What to produce → Given the entries below, would you transcribe exactly the lines starting at the one with "This 2 bedroom, 2" and ending at the one with "Among Brown's highlights", both kept, pictures omitted, nothing extra?

START Given data

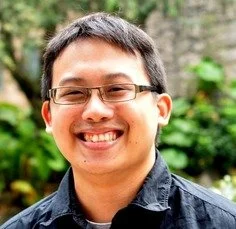 Man walking through a golden grassy field toward mountains in the distance under cloudy sky.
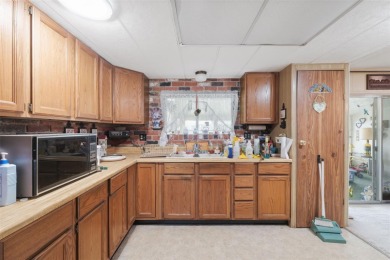 This 2 bedroom, 2 bath home with a covered carport wraps you in on High Point Golf Club, Inc. in Florida - for sale on GolfHomes.com, golf home, golf lot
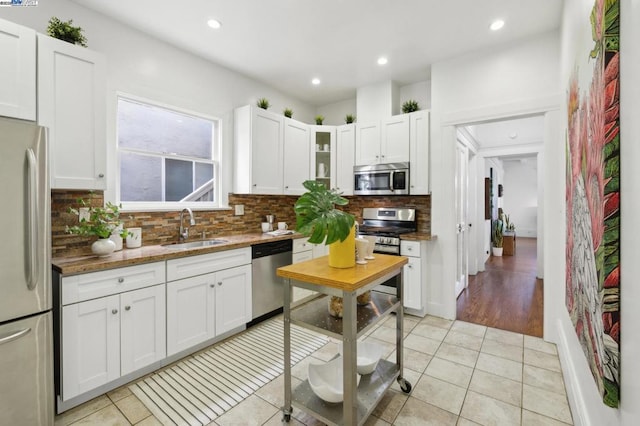 kitchen featuring light tile patterned flooring, sink, white cabinetry, appliances with stainless steel finishes, and backsplash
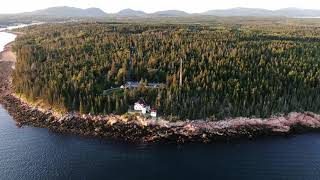 Aerial drone footage of a sunset over lighthouse in Acadia, Maine 4k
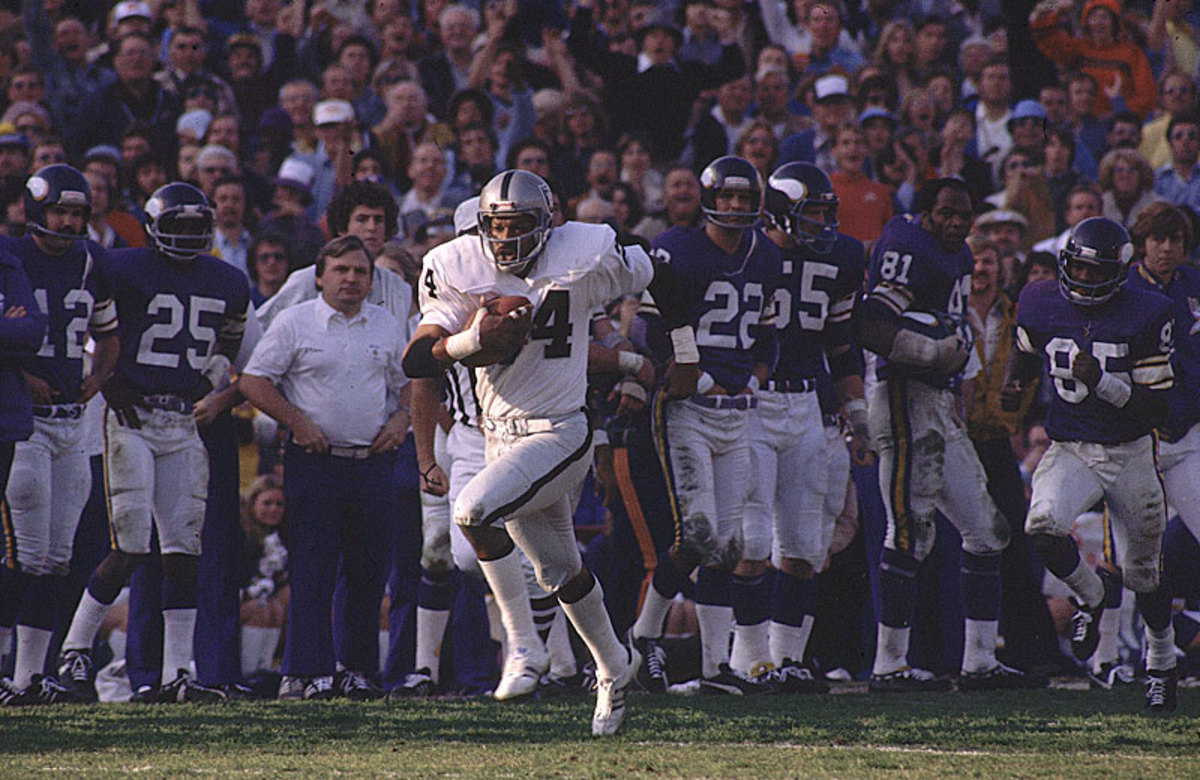 Among Brown's highlights in silver and black was this pick six in Super Bowl XI. (Heinz Kluetmeier/Sports Illustrated)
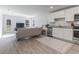 Open-concept living space combines the living room and kitchen for easy living and entertaining at 154 Seasons Trace Loop, Longs, SC 29568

END Given data

Your response →
 This 2 bedroom, 2 bath home with a covered carport wraps you in on High Point Golf Club, Inc. in Florida - for sale on GolfHomes.com, golf home, golf lot
 kitchen featuring light tile patterned flooring, sink, white cabinetry, appliances with stainless steel finishes, and backsplash
 Aerial drone footage of a sunset over lighthouse in Acadia, Maine 4k
 Among Brown's highlights in silver and black was this pick six in Super Bowl XI. (Heinz Kluetmeier/Sports Illustrated)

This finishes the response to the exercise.